On Sun, Sep 24, 2000 at 11:16:46PM -0700, Nathan Wiger wrote:
> > Perl is frequently used in CGI environments.  It should be as easy to write
> > CGI programs with perl as it is to write commandline text filters.
> 
> First off, good idea, I do like this. Critiques:
> 
> > Parse the CGI context, returning CGI variables into %CGI
> 
> Which variables are you talking about? Everything you need is already in
> %ENV, as I'm sure you're aware.
> 
> If you're talking about splitting up the query string, then this should
> be stated explicitly. And I think %CGI is a fine place for this.
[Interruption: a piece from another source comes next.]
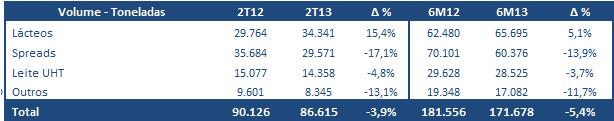 Análise do Resultado Volume Comercializado No 2T13 foram comercializadas 86,6 mil toneladas de produtos, volume 3,9% inferior ao comercializado no 2T12.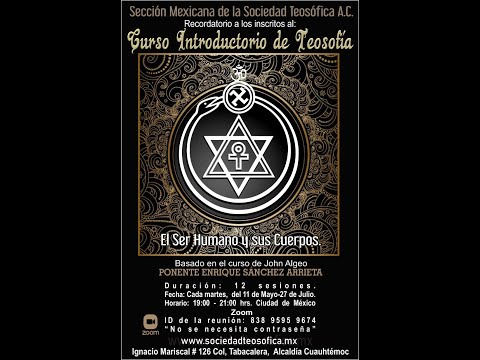 Curso Introductorio de Teosofía, EL SER HUMANO Y SUS CUERPOS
Will it
> be quotemeta'ed?

I'm thinking that whether the request came from a GET or a POST, 
the un(HTTP)-escaped values will be in %CGI, just as CGI::params()
does.

That removes the ambiguity of query strings coming into %CGI, while 
environment variables are shoved into %ENV (something rather obscure
by comparison).

> > Offer simple functions to set HTTP headers (e.g. content type, result codes)
> 
> How about %HTTP, which is just flushed on the first line of output?
> 
>    use cgi;
>    $HTTP{'Content-type'} = 'text/html';
>    print "Hello!";     # flushes %HTTP first
> 
> Just one idea. 

HTTP headers is tricky.  It's reasonably easy to figure out when
there are multiple form values in a request.  It's less easy to 
figure out when a program has finished emitting values for a
specific header type.

I think I'd prefer an exported function like:

        http_header("Content-type" => "text/html");
        http_header("Expires" => "+3 Days");

or whatever.  Then it's an implementation issue to figure out
which headers are overridable, and which headers should appear
multiple times.  

The idea of flushing on the first print call isn't too difficult
and kinda cool.  That way, http_header() could flag a warning if
the user is trying to set a header after the header is done.
 
> The RFC should just be a little more specific on what's being included
> and not included. Are any of the functions like header(), h2(),
> footer()? 

None of those.  I'm preparing an update to make this stated more
explicitly.

Z.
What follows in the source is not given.